:: To do ::
Your answer needs to include each line of the records in which the string "freno" can be found.

:: Records shown ::
=== Begin Enclosure ===

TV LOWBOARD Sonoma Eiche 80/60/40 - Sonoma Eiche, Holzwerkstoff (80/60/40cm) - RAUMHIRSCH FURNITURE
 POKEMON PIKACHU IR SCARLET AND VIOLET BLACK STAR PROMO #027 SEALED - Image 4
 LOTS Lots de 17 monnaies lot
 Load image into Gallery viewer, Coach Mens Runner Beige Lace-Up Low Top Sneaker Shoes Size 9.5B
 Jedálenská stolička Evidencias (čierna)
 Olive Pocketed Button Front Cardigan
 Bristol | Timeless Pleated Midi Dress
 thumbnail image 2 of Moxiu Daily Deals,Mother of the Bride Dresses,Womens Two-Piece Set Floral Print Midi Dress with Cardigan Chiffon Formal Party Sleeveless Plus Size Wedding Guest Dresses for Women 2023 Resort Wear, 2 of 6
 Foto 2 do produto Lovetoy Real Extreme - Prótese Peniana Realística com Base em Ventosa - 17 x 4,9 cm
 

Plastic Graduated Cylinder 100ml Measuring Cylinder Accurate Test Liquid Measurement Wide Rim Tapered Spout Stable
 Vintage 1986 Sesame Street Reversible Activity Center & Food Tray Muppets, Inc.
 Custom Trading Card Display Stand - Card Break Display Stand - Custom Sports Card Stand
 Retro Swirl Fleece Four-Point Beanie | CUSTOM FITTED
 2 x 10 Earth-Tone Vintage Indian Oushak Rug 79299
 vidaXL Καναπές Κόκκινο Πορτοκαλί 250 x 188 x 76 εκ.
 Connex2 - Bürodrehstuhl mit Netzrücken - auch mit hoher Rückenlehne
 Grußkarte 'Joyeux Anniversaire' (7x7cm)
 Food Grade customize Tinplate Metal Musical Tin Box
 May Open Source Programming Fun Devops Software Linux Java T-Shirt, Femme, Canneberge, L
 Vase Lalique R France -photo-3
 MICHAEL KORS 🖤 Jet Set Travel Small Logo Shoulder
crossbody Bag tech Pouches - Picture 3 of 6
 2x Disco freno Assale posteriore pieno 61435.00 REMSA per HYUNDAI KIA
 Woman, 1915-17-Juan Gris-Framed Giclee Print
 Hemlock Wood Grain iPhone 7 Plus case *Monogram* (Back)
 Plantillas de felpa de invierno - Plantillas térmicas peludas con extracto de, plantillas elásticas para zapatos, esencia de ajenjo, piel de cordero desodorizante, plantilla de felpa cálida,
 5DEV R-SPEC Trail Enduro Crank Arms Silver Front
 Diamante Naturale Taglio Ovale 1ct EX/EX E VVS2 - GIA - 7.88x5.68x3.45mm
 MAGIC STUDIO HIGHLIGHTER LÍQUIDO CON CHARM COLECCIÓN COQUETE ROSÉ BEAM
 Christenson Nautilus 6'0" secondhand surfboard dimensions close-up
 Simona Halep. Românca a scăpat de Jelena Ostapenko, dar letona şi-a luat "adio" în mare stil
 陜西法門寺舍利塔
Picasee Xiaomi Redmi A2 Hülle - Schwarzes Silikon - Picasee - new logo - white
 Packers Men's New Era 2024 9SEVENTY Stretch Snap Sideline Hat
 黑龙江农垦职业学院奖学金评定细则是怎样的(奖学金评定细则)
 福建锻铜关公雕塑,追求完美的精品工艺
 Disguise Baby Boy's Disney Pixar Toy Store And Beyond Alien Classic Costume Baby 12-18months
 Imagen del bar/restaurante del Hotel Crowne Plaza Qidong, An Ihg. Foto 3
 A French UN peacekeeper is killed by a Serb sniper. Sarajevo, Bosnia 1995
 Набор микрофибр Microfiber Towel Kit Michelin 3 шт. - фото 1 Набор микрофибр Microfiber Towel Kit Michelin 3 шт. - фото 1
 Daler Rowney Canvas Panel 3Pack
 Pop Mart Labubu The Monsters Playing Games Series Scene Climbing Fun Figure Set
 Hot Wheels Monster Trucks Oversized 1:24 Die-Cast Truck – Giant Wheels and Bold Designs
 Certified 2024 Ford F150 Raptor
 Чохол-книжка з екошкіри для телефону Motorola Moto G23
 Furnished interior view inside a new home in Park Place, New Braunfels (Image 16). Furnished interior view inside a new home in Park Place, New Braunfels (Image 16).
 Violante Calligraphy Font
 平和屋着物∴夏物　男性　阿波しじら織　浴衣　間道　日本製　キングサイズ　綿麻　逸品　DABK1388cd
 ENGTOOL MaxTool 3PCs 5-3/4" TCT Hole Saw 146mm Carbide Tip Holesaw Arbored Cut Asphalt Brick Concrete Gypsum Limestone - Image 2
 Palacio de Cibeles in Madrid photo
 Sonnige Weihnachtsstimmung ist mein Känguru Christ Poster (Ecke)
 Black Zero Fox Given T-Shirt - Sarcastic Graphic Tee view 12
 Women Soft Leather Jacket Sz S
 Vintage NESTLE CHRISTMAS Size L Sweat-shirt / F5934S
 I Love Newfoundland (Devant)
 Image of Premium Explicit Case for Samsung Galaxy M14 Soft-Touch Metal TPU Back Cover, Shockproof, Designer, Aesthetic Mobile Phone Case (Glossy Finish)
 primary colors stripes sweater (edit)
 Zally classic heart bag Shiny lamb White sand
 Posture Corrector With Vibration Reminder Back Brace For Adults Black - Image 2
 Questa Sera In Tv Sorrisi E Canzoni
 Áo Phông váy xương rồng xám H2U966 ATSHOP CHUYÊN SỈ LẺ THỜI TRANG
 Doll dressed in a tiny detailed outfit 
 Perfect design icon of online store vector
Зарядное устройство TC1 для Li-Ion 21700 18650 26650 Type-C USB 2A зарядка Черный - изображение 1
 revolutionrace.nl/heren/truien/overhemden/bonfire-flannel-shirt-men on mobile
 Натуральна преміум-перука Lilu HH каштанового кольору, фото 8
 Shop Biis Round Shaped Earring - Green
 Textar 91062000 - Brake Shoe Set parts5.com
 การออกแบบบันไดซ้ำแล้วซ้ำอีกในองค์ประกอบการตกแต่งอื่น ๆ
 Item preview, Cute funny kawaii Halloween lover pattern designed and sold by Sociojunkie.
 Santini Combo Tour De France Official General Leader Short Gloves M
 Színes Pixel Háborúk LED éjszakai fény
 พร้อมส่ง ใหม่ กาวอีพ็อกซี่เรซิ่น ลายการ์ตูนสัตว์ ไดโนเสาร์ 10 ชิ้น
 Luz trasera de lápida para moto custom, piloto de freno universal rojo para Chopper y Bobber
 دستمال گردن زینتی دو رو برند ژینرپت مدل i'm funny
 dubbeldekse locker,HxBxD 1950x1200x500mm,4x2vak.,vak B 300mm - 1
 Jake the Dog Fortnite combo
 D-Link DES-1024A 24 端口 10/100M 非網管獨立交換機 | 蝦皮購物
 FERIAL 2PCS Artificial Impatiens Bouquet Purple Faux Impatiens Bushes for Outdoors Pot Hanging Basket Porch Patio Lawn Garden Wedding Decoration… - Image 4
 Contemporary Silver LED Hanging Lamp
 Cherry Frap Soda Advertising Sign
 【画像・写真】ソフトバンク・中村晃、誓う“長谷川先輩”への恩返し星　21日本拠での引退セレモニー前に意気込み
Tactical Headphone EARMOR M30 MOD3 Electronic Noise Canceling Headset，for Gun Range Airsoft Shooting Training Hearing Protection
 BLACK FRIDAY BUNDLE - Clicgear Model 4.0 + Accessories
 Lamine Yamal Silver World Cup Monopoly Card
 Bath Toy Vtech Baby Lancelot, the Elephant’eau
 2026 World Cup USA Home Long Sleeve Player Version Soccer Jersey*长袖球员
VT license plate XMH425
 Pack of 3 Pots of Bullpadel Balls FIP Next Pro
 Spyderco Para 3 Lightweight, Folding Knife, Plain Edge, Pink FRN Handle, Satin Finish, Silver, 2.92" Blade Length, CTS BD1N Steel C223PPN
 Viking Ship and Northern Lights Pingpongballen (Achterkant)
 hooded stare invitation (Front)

=== End Enclosure ===

:: Answer box ::
 2x Disco freno Assale posteriore pieno 61435.00 REMSA per HYUNDAI KIA
 Luz trasera de lápida para moto custom, piloto de freno universal rojo para Chopper y Bobber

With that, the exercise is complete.